Ask PG: One submission per day? - percept

Re: http://news.ycombinator.com/item?id=903841 (and similar discussions about signal-to-noise)<p>What if HN limited submissions to one per day?<p>Wouldn't this encourage more quality submissions and discourage the "hurl everything at the wall and see what sticks" approach?<p>One question would be a case where someone has a few good stories to submit. In that case (if they're really that good) I imagine one of two things happening:<p>- others submit them and have the opportunity to participate on the site (wouldn't broader participation be a good thing?)
- nobody submits them and they can be added the next day<p>The basic idea is that you have one shot per day, so make it a good one: helpful, interesting, meaningful, etc.
======
run4yourlives
The real issue though is that nickb stopped posting. That guy was pumping out
more "quality content" than the next 10 submitters combined.

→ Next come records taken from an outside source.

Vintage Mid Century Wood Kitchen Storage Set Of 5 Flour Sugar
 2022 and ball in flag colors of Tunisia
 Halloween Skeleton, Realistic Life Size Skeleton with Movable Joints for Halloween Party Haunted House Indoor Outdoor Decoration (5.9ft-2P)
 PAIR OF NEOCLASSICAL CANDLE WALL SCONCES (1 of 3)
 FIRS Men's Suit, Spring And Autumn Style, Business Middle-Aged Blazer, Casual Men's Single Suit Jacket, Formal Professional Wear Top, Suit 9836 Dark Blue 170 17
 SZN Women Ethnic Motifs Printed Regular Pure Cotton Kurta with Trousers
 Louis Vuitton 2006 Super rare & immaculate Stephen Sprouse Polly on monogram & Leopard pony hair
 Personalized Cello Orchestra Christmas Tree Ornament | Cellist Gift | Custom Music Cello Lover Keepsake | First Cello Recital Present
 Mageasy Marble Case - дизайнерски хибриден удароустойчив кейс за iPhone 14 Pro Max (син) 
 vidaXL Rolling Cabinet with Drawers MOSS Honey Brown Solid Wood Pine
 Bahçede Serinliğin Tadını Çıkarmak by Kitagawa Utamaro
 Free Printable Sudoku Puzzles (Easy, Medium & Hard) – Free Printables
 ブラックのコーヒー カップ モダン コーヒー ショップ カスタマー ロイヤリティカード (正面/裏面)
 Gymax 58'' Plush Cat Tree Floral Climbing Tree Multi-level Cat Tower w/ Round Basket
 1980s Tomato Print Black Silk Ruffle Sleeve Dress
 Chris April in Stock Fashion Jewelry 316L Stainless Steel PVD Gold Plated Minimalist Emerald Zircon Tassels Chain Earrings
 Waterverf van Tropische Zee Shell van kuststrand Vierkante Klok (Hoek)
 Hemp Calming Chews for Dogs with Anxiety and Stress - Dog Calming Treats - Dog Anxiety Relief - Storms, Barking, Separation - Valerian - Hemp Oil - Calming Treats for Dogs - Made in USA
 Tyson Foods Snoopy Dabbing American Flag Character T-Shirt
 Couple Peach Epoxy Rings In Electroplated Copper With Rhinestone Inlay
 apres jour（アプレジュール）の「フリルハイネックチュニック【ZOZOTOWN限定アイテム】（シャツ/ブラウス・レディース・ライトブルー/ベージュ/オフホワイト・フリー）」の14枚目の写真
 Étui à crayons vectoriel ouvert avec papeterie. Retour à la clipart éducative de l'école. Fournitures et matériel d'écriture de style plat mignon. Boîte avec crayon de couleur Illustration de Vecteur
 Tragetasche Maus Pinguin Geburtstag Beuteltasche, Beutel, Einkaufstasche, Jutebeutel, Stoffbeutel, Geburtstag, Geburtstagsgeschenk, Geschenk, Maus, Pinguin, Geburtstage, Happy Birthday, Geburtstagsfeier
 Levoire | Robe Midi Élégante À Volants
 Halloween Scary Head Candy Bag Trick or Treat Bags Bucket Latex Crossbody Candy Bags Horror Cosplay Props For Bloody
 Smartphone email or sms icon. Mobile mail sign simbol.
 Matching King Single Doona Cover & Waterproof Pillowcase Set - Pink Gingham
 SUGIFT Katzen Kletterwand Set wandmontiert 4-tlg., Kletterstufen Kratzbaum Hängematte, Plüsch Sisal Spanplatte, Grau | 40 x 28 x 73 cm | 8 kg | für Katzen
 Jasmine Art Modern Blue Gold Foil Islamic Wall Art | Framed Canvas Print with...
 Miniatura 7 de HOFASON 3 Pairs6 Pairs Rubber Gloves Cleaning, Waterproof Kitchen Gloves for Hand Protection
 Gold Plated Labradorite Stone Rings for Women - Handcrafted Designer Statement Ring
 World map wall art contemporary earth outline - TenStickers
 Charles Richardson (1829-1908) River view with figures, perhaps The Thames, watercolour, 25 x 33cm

I have no idea how to fix it, but that's your problem; even with a lot of
noise, nickb's posts kept the front page clean and interesting. (It still is,
just not to the same level as before)

Perhaps some sort of submission allotment per karma? 1 post default, extra
posts for every 1000 over karma? You could also factor in how the posts/person
performs...i.e. if your last post doesn't earn to enough points, it counts for
2 submissions, etc.

Conversely, you could make the first post use all your available post points,
and then as it performs and gets voted up, you earn them back. That way you
would post your better stuff first and leave the poorer stuff to the end, but
you still get a chance to submit it.

------
jasonlbaptiste
I understand the point here, but I think the quality would go down. I actively
want to share great articles on here. If I were limited to only 1 thing a day,
there are a lot of things that just would never end up here. You may be able
to say: "oh, but someone else will find it." For really obscure articles, this
probably isn't true.

Apply this to those under a certain Karma threshold and you _might_ be on to
something.

------
billswift
Bad idea. Some days I see several things I think are worth posting (most
apparently don't agree, only some get much karma), most days I don't see
anything that hasn't already been posted. Maybe have an initial karma hit when
you post something, say "pay" 5 points to post, if many people like it, you'll
get it back.